Would you restate the entries below word for word, leaving out the images?

··· DATASET ENTRIES

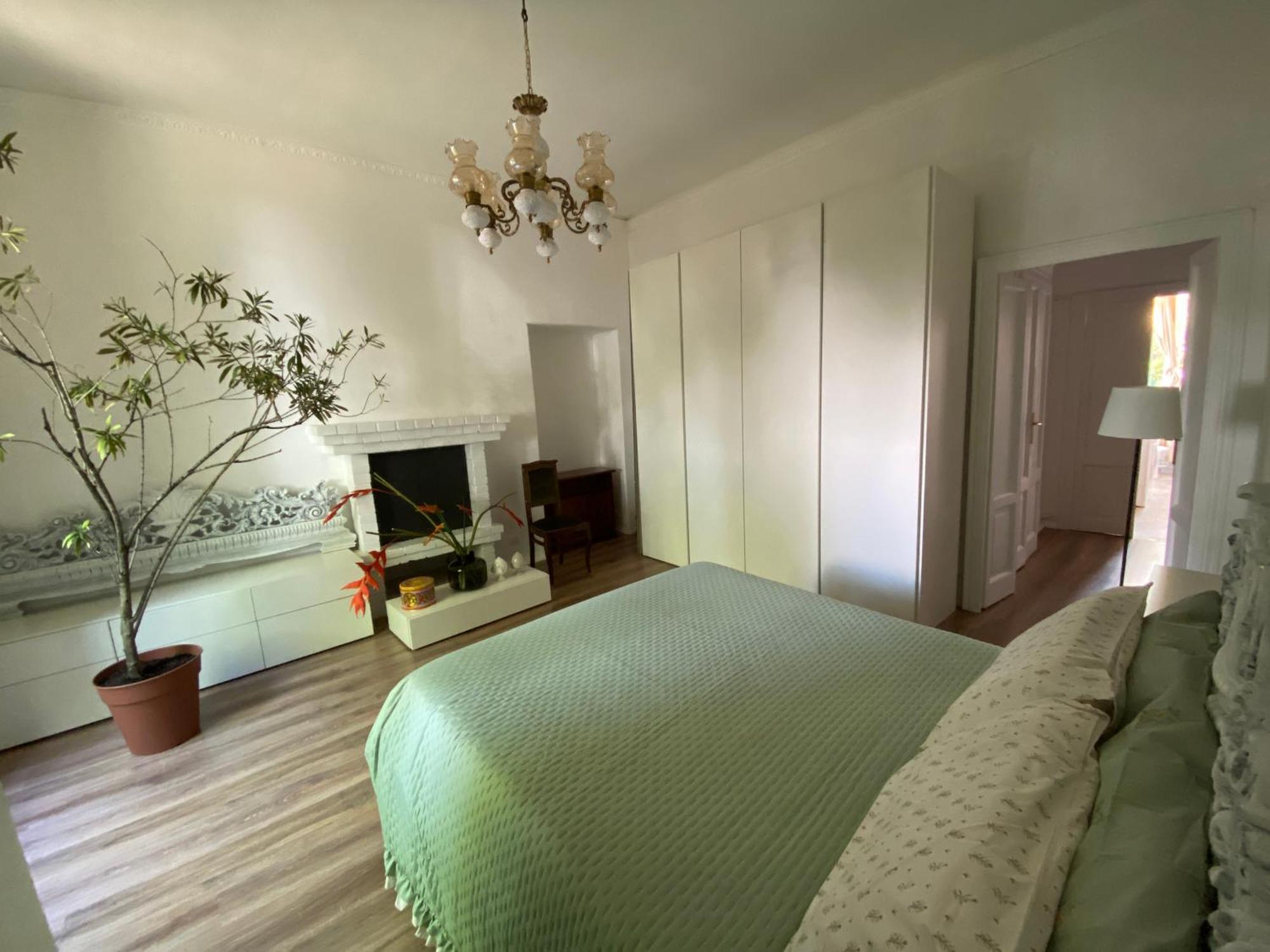 Appartement Officina Scrittoria *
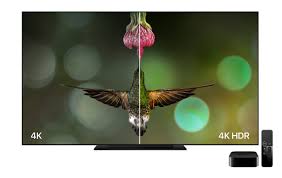4k resolution refers to a horizontal display resolution of approximately 4,000 pixels. Infuse Atv 4k And Iphone X Oh My Firecore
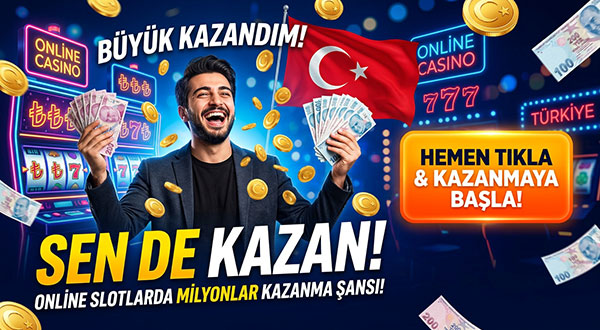 Online Casinolarda Nasıl Para Kazanılır? Yatırım Yapmadan Bonus Veren Siteler
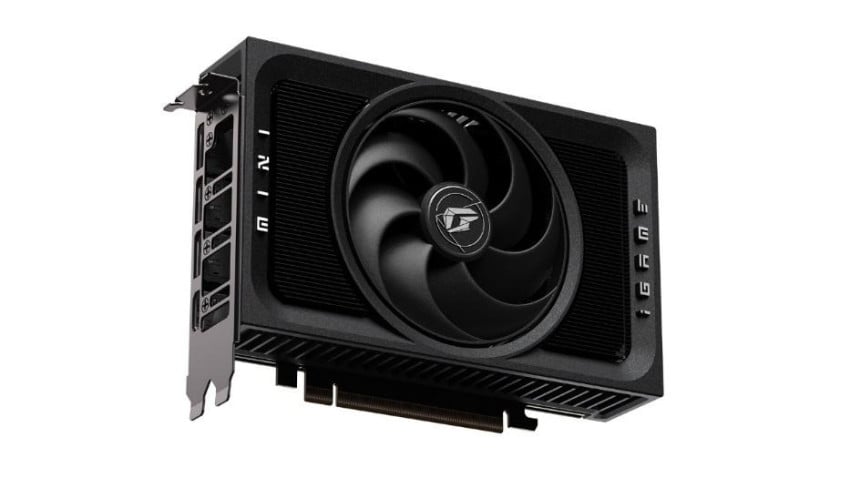 kartu grafis igame geforce rtx 50 mini oc series diluncurkan index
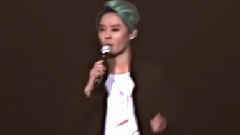 亞巡安可Con首爾站 EBS參與感謝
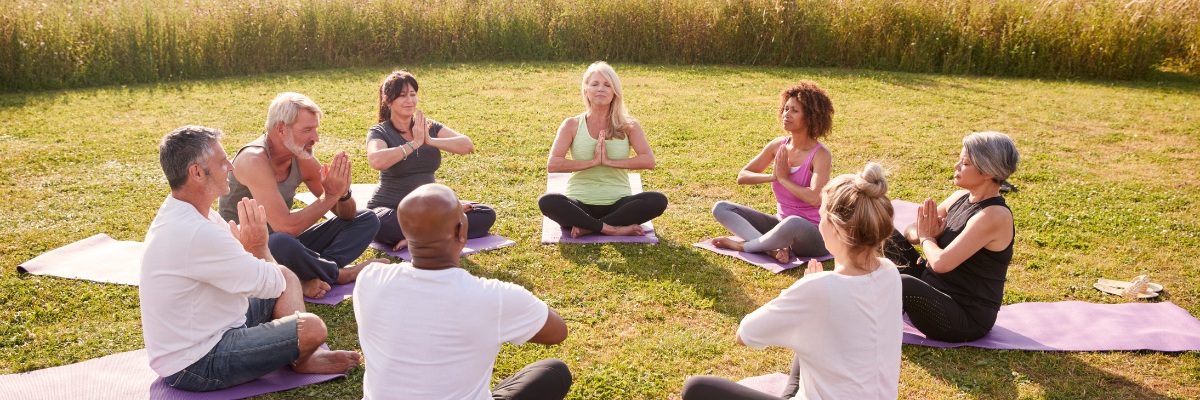 The Ultimate Journey to Inner Peace: Embark on Yoga Retreats Worldwide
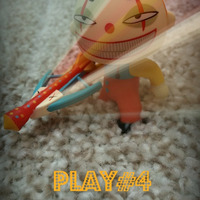 Play#4 by Aukin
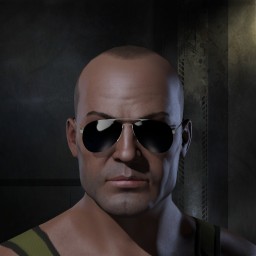 theDeliciousSquid portrait
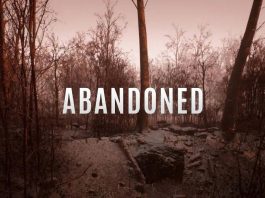 Abandoned – wygląda na to, że gra została anulowana Abandoned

······

### EXPECTED ANSWER
 Appartement Officina Scrittoria *
4k resolution refers to a horizontal display resolution of approximately 4,000 pixels. Infuse Atv 4k And Iphone X Oh My Firecore
 Online Casinolarda Nasıl Para Kazanılır? Yatırım Yapmadan Bonus Veren Siteler
 kartu grafis igame geforce rtx 50 mini oc series diluncurkan index
 亞巡安可Con首爾站 EBS參與感謝
 The Ultimate Journey to Inner Peace: Embark on Yoga Retreats Worldwide
 Play#4 by Aukin
 theDeliciousSquid portrait
 Abandoned – wygląda na to, że gra została anulowana Abandoned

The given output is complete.